15 December 2021
Statement
Is the following function continuous at \(x = 1\) ?
\(f(x) = \begin{cases} \frac{1}{x-1} & x \neq 1 \\ 2 & x=1 \end{cases}\)
Solution
\(f(x) = \begin{cases} \frac{1}{x-1} & x \neq 1 \\ 2 & x=1 \end{cases}\)
Let's start by finding the limit of \(f(x)\) when \(x \to 1\) from both sides.
From the right side
\(\lim\limits_{x \to 1^{+}} f(x)\)
\(= \lim\limits_{x \to 1^{+}} \frac{1}{x-1}\)
\(= \lim\limits_{x \to 1^{+}} \frac{1}{1^{+}-1}\)
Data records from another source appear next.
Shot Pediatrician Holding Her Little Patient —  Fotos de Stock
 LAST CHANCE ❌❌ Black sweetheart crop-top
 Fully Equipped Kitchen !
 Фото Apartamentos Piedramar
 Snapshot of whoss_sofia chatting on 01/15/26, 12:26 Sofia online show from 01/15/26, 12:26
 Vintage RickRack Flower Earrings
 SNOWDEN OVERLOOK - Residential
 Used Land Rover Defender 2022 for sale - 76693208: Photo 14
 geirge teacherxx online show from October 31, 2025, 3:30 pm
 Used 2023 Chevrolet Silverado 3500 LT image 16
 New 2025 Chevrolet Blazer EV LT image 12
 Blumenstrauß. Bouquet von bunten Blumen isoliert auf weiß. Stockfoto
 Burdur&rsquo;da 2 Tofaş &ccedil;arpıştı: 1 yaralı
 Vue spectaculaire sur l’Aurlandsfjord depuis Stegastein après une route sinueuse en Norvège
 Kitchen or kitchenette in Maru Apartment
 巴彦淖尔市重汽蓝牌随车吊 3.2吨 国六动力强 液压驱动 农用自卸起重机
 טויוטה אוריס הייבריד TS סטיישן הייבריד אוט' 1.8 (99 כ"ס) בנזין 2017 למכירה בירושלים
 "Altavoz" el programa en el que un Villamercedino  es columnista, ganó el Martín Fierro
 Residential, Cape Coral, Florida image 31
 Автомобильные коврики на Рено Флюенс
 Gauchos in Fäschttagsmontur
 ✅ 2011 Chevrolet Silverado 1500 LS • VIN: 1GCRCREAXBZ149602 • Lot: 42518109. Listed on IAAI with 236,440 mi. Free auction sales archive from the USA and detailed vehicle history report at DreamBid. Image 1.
\(= \lim\limits_{x \to 1^{+}} \frac{1}{0^{+}}\)
\(= +\infty\)
From the left side
\(\lim\limits_{x \to 1^{-}} f(x)\)
\(= \lim\limits_{x \to 1^{-}} \frac{1}{x-1}\)
\(= \lim\limits_{x \to 1^{-}} \frac{1}{1^{-}-1}\)
\(= \lim\limits_{x \to 1^{-}} \frac{1}{0^{-}}\)
\(= -\infty\)
This already means there is a discontinuity to infinity at \(x=1\). And since \(f(1) = 2\) there are
double the reasons to believe the discontinuity exists.